Even when changes made in the taking-hold stage work, the immersion period still offers opportunities for further learning. New problems that had been masked or overshadowed by larger problems emerge. For example, after a division president had reorganized his division from a functional to a geographic structure, with a domestic-international split, a new set of problems surfaced during the immersion period that neither he nor his management team had foreseen. The earlier reorganization significantly increased the responsiveness, productivity, and coordination between functions in the United States and abroad, but as these areas improved, the U.S. sales force’s organization and its distribution channels showed weaknesses. The old structure’s cross-functional problems had hidden these weaknesses.
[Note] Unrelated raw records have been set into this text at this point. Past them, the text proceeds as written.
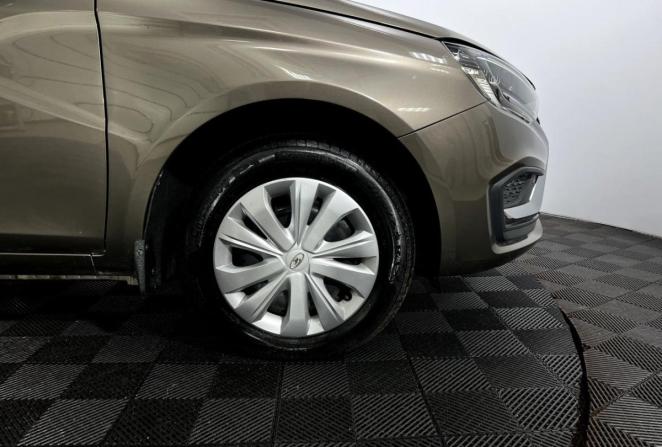 Lada (ВАЗ) Vesta I Рестайлинг (NG) с пробегом 2024 года, цена 1 450 000 рублей, 956 км, седан, Автокод Объявления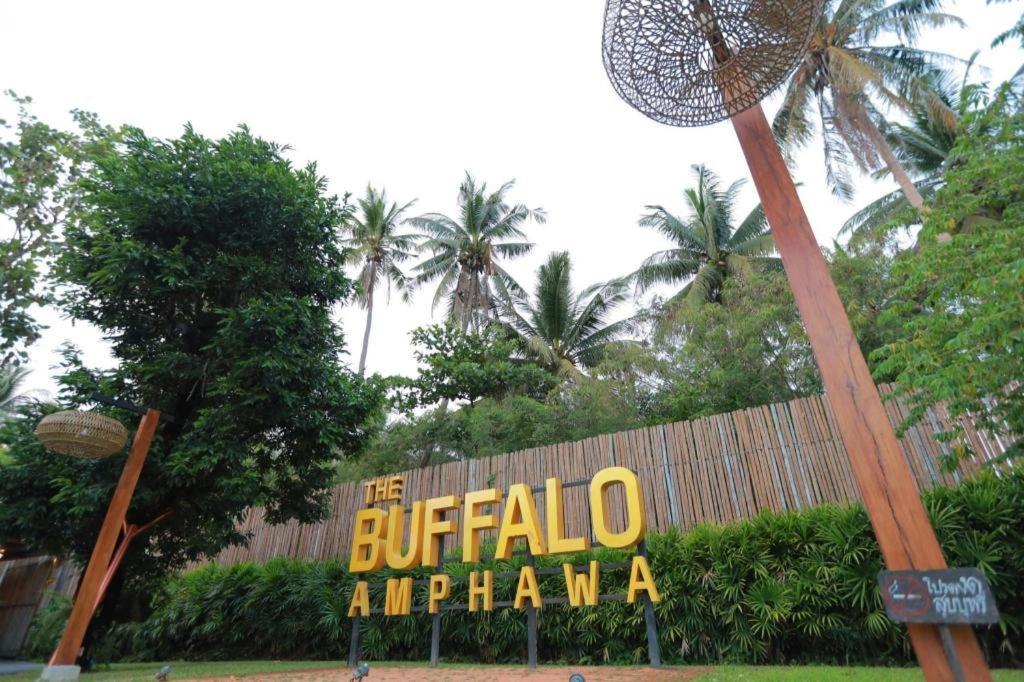 Hotel The Buffalo Amphawa Samut Songkhram Esterno foto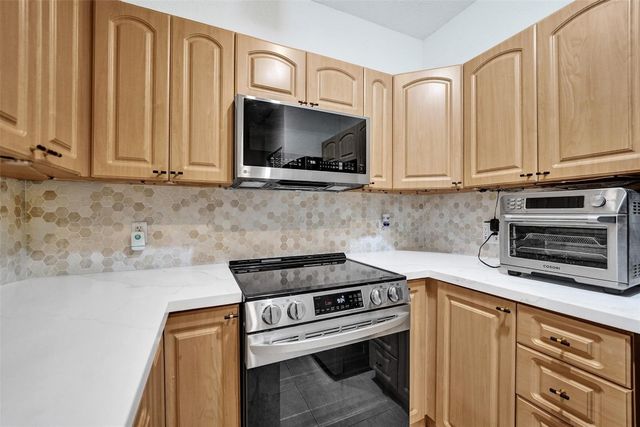 1743 NE 4th Avenue, Fort Lauderdale, FL 33305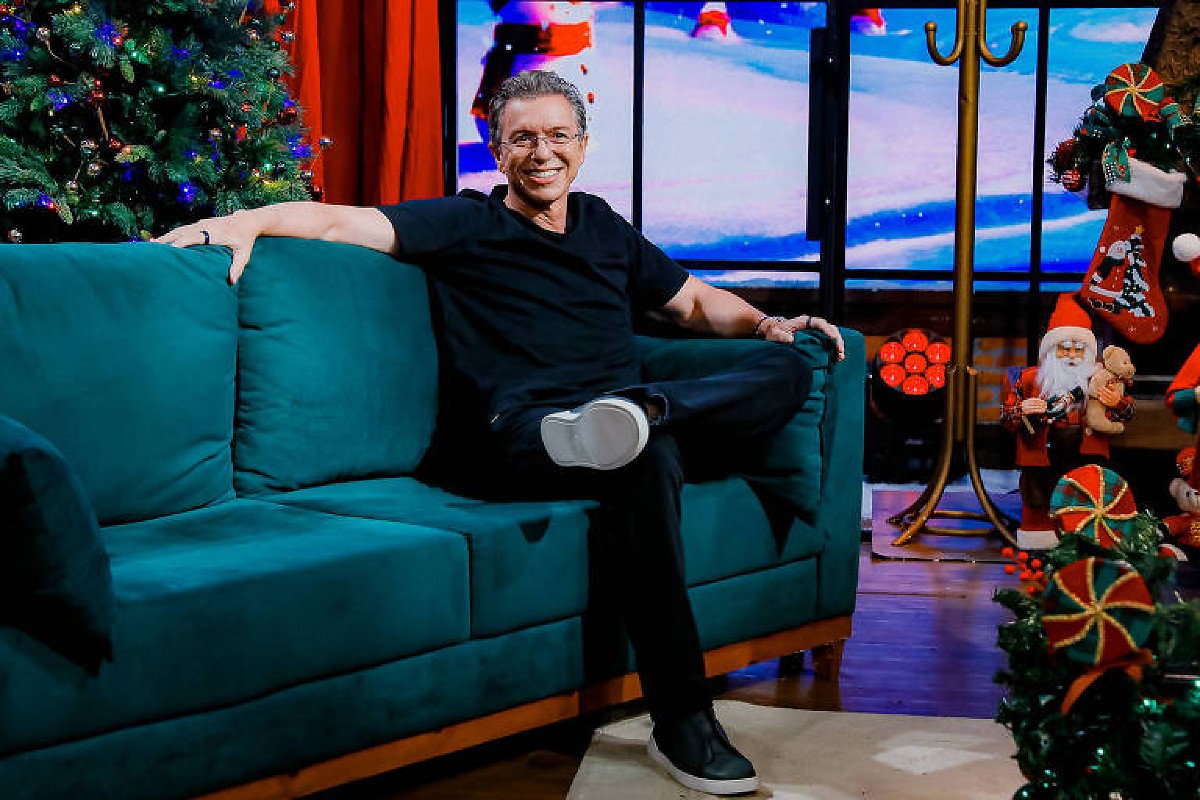 Boninho anuncia 'chĂĄ revelaĂ§ĂŁo' para lanĂ§ar reality da Record no dia da final do BBB 26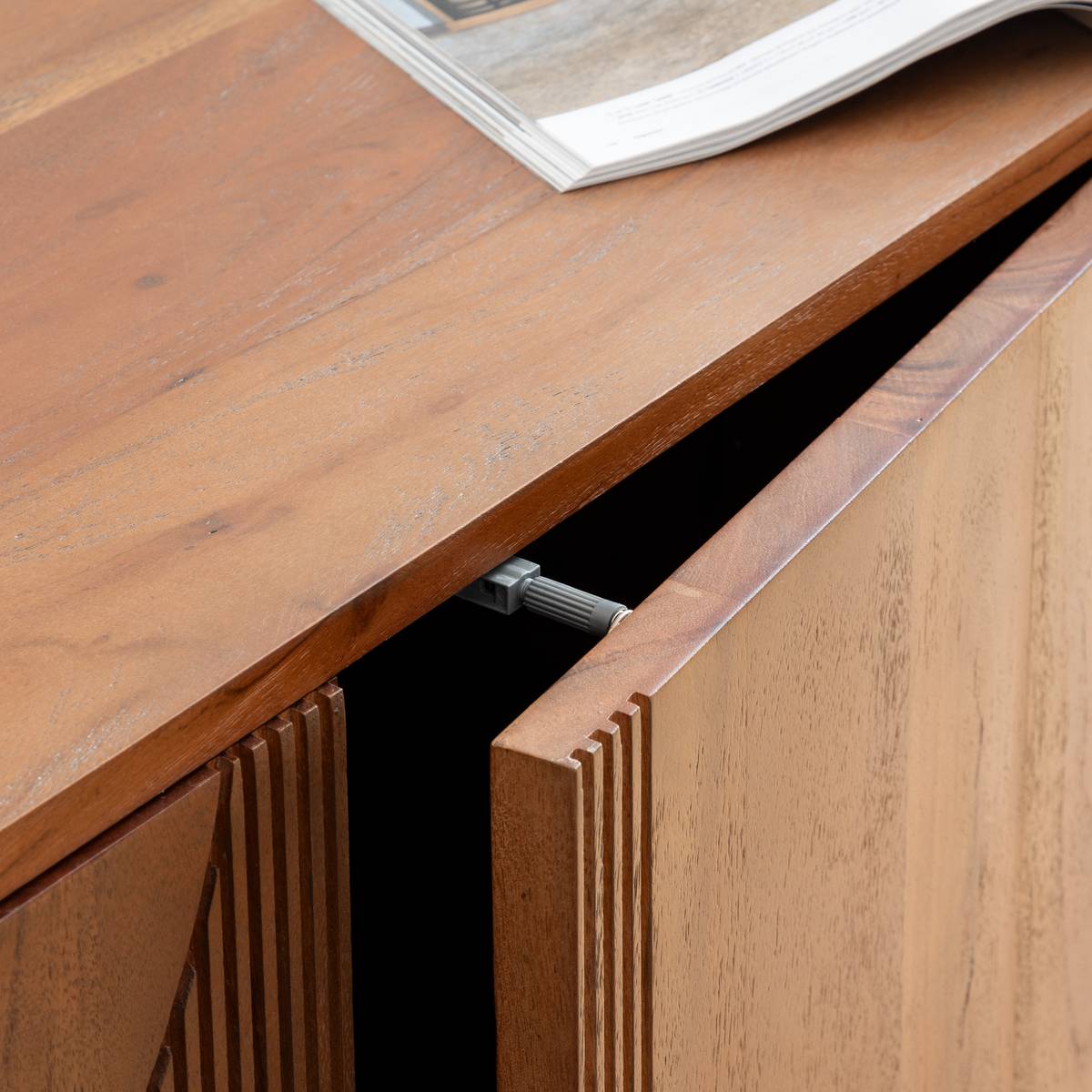 3-door buffet "Nanda" Acacia, Brown, 150x90.5 cm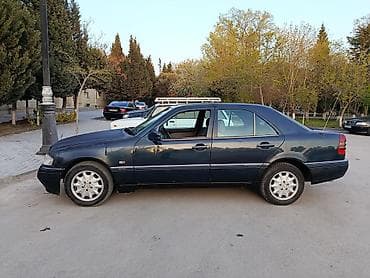 mercedes azerbaycan: Mercedes-Benz C‑Sinfi (W202) sedan - Kuzov: 4 qapılı sedan, tünd mavi — 6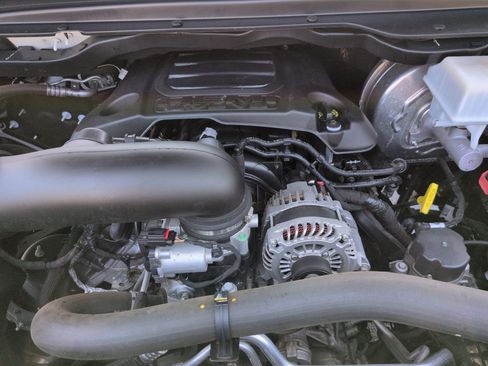 Used 2022 RAM 1500 Big Horn AWD/4WD image 36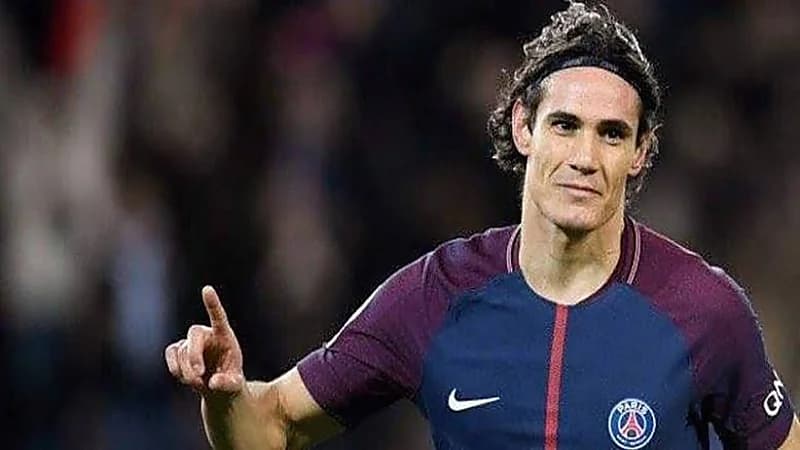 بوكا جونيورز يقترب من ضم كافاني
During immersion, new managers also question whether they have the right people in place. Obvious questions about competence arose in the taking-hold stage, but now they were easier to discern. Similarly, in more than half the cases studied, the newcomers explored uncertainties they had about staff members and discussed them with others.

The analysis, probes, discussions, and, in some cases, agony of the immersion stage result in new managers’ arriving at a better understanding of the more basic dynamics of the organization, people, and the industry. The concept that emerges from this stage (whether new or refined) is not necessarily radical. In six of the 14 cases, however, the revised concept had implications for radical changes in either strategy or organization or both. In most of the cases, it also resulted in a sharper plan of action for improving the situation further.

Reshaping.

During the third stage, reshaping, the second important—and in most cases the largest—burst of activity takes place. Learning continues but in a more diminished and routine fashion. In the reshaping period, new managers direct their attention toward reconfiguring one or more aspects of the organization to implement the concept they developed or made final during the immersion stage.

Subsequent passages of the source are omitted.